What needs to be done
Once the line with "Hyundai I30 image 1" is found in the entries below, print it and each following line exactly, stopping after the line with "Photo 9 from"; print nothing else.

Extracted information
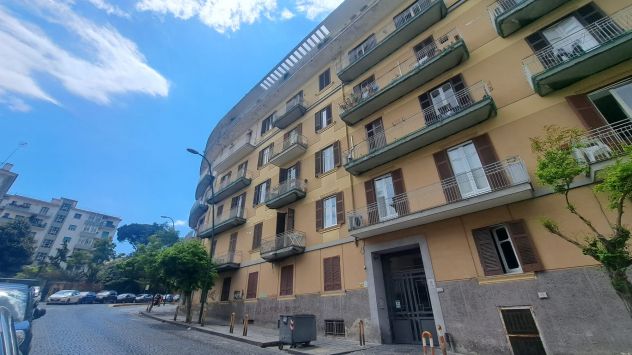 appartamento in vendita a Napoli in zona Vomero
==
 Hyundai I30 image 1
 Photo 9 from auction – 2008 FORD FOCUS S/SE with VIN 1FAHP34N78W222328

Result below
 Hyundai I30 image 1
 Photo 9 from auction – 2008 FORD FOCUS S/SE with VIN 1FAHP34N78W222328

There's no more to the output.